Fenomena ini disebut emotional contagion. Jika Anda merasa bahagia, maka kebahagiaan itu kemungkinan besar akan tertular kepada orang di sekitar Anda. Hal yang sama berlaku untuk emosi negatif. Jika Anda merasa cemas, marah, atau mudah tersinggung, tim Anda akan ikut merasakannya.

Negativitas yang berulang-ulang akan menumpuk. Pemimpin dengan sikap negatif biasanya memiliki tim dengan produktivitas rendah, keterlibatan lemah, stres tinggi, dan tingkat pergantian karyawan yang besar.

Tiga Bentuk Kepemimpinan Negatif

Kecenderungan negatif dapat muncul dalam berbagai bentuk. Misalnya terus mencari masalah, tidak pernah merasa puas, melakukan micromanagement, mengkritik di depan umum, atau berprasangka buruk terhadap orang lain.

Ada tiga bentuk umum yang sering terlihat, berikut penjelasan dan cara mengatasinya.

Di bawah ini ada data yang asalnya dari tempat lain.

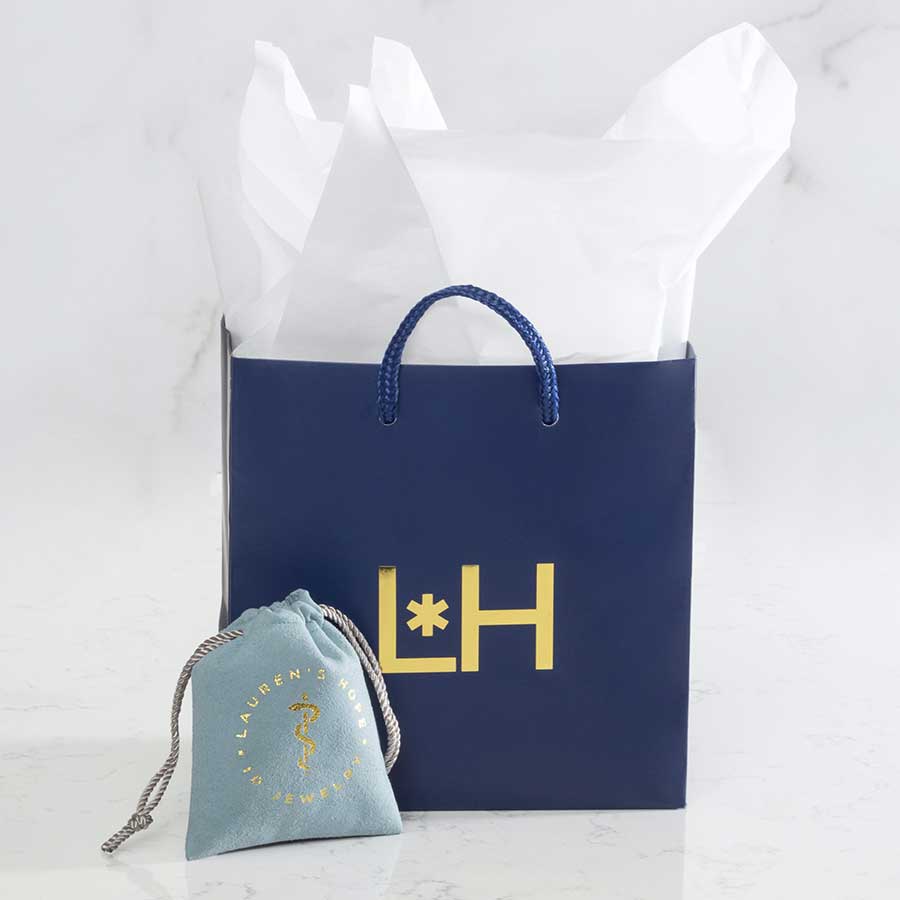 Navy blue gift bag with light blue suede jewelry pouch on marble background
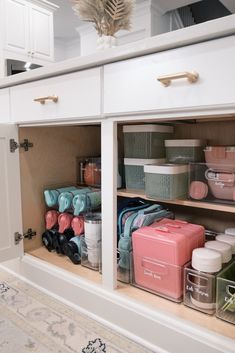 an open cabinet filled with lots of containers and baskets on top of it's sides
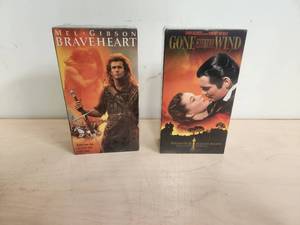 lot 178 image: Braveheart and Gone with the Wind unopened VHS movie sets.
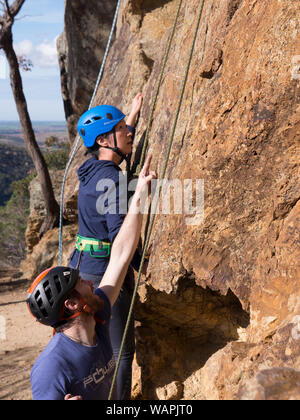 Tecnico istruttore di arrampicata, belaying un principiante alpinista e mostra paura, nervoso scalatore dove mettere le mani e i piedi sulla roccia in Australia. Foto Stock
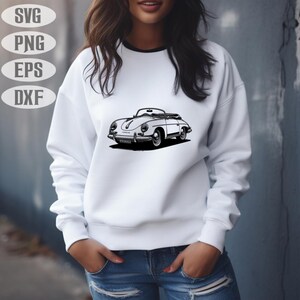 May include: White sweatshirt with a black and white graphic of a vintage convertible car. The car is a classic design, with a low profile and rounded features. The sweatshirt also has the text "SVG, PNG, EPS, DXF" in a white oval shape.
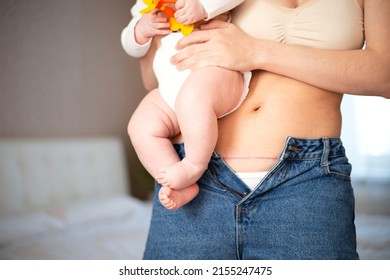 Mom's abdomen after cesarean section. Scar seam. A young mother holds the baby in her arms. Real motherhood. Lifestyle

Terlalu Menekankan Umpan Balik Negatif

Memberikan umpan balik adalah area di mana bias negatif sering kali muncul.

Penelitian menunjukkan bahwa 56% pemimpin lebih suka memberikan umpan balik negatif, sementara hanya 31% yang lebih suka memberikan umpan balik positif. Salah satu penyebabnya adalah karena pemimpin sering kali tidak memahami kekuatan dari umpan balik positif. Selain itu, mereka khawatir jika terlalu banyak memberi pujian maka umpan balik negatif tidak akan diperhatikan.

Namun terlalu menyoroti kekurangan orang justru menimbulkan dampak buruk. Hal ini memicu keterlibatan yang rendah, meningkatnya turnover, serta menurunnya produktivitas. Singkatnya, strategi ini malah menghambat pencapaian tujuan yang diinginkan pemimpin.

Sebuah artikel di Harvard Business Review menyimpulkan kelemahan pendekatan ini dengan jelas: Umpan balik negatif jarang membawa perbaikan. Sebaliknya, hal tersebut sering menimbulkan kecemasan, rasa lelah, dan bahkan depresi pada penerimanya.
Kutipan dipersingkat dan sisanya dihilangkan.